The 1-Gyr-old NGC 6811 cluster has a solar metallicity (Sandquist et al. 2016). P_rot for 171 likely single-star members were recently measured by Curtis et al. (2019), more than doubling the size of the rotator sample from Meibom et al. (2011a) and extending its lower mass limit from ≈0.8 M_⊙ to ≈0.6 M_⊙.

2.3.2. Stellar Properties

Gaia DR2 provided effective temperatures (T_eff) for ≈1.61 × 10⁸ stars with 3000 ≲ T_eff ≲ 10,000 K and G < 17 mag (Gaia Collaboration et al. 2018b) via the Apsis pipeline (Bailer-Jones et al. 2013). The DR2 photometry is very precise, but the Apsis temperatures are severely affected by interstellar reddening. However, this bias can be mitigated by dereddening the photometry for each cluster sample prior to converting it to T_eff. We employ an empirical color–temperature relation to convert the dereddened Gaia DR2 (G_BP − G_RP)₀ color to T_eff. Our relation is a polynomial fit to benchmark stellar data assembled from the catalog of spectroscopic properties for the solar-type stars (4700 < T_eff < 6700 K) targeted by the California Planet Survey (Brewer et al. 2016), warmer stars taken from the Hyades (Gaia Collaboration et al. 2018b) with T_eff from the DR2/Apsis pipeline (Andrae et al. 2018), and cooler K and M dwarfs from the Boyajian et al. (2012) and Mann et al. (2015) catalogs. We have also applied this relation in Morris et al. (2018), Douglas et al. (2019), and Curtis et al. (2019).

2.3.3. The Psc–Eri Stream is Coeval with the Pleiades

In the left panel of Figure 4, we present the P_rot distribution for likely single-star members of our three benchmark open clusters as a function of T_eff. In the right panel, we add the P_rot distribution for the Psc–Eri stream. The P_rot distribution of the Psc–Eri stream is nearly indistinguishable from that of the Pleiades. In particular, the slow, converged sequences for each system are remarkably consistent.

There are a few differences. The Psc–Eri stream has more outliers at periods intermediate to the slow sequence and the rapid ≈1 days rotators. This could be due to poor binary rejection, or slight differences in age—if younger than the Pleiades, those stars could still be converging. In addition, the Pleiades sample extends to much cooler T_eff. As we discuss in Section 3.1, this is because RVs were used to identify members of the Psc–Eri stream, and DR2 does not provide RVs for such cool and faint stars. Finally, the warmest stars in the Psc–Eri stream (T_eff ≳ 6100 K) appear to be rotating subtly and systematically faster than their analogs in the Pleiades.
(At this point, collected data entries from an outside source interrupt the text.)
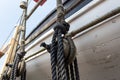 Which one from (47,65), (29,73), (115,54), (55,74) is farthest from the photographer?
(29,73)

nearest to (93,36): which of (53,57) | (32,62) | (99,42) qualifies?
(99,42)

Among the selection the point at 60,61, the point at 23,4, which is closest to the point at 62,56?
the point at 60,61

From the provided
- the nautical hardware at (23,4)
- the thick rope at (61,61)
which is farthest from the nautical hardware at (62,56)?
the nautical hardware at (23,4)

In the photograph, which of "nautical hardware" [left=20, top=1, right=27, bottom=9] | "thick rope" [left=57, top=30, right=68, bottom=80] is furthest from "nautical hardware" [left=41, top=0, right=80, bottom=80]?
"nautical hardware" [left=20, top=1, right=27, bottom=9]

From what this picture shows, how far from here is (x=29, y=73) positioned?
5.50 feet

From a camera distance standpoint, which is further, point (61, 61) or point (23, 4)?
point (23, 4)

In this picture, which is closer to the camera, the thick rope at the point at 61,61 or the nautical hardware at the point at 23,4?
the thick rope at the point at 61,61

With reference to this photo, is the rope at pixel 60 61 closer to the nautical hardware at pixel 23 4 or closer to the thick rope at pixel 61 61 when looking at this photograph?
the thick rope at pixel 61 61

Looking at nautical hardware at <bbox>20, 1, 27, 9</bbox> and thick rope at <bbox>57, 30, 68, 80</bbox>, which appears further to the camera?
nautical hardware at <bbox>20, 1, 27, 9</bbox>

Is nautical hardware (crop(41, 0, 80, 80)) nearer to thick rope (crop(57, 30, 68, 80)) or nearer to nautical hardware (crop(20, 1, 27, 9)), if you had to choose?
thick rope (crop(57, 30, 68, 80))

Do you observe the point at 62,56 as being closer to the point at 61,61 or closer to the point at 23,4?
the point at 61,61

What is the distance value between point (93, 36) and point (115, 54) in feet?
0.50

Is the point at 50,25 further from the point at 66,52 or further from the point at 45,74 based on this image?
the point at 66,52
Perhaps this also indicates that the stream is slightly younger than the Pleiades.

In contrast, the late-F to early-K dwarfs are, again, remarkably consistent. The slow, converged sequences for both populations are well described by a line of constant Rossby number.¹⁰ Focusing on the stars with 4600 < T_eff < 6100 K that have converged to within 25% of the slow sequence, the median and standard deviation of the Rossby number for the 43 Pleiades in this sample is Ro = 0.29 ± 0.03, and we find Ro = 0.29 ± 0.02 for the 39 stream members meeting the same criteria. These values are incredibly precise, and strikingly similar. The unavoidable conclusion is that the Psc–Eri stream is ≈120 Myr in age.¹¹

3. Revisiting the Psc–Eri Stream's CMD

The left panel of Figure 5 is the CMD for the stream,¹² together with members of the Pleiades (Gaia Collaboration et al. 2018b) and NGC 6811 (Curtis et al. 2019). We also include PARSEC isochrones (Bressan et al. 2012) appropriate for the Pleiades (130 Myr, solar metallicity) and NGC 6811 (1 Gyr, solar metallicity).

3.1. The Apparent Absence of a Main-sequence Turnoff Is a Problem

The absence of Psc–Eri members warmer than T_eff ≈ 7760 K on the main sequence would seem to favor an older age for the stream. However, as Meingast et al. (2019) pointed out, the stream lacks a clear main-sequence turnoff (MSTO). This is a problem: if the Psc–Eri stream is 1 Gyr old, there should be a well-defined MSTO (Figure 5 shows the case of NGC 6811). If the stream is young, the higher-mass stars should follow the Pleiades main sequence. Either way, these stars should exist somewhere in the CMD, but they are either missing from the stream or missing from its membership catalog.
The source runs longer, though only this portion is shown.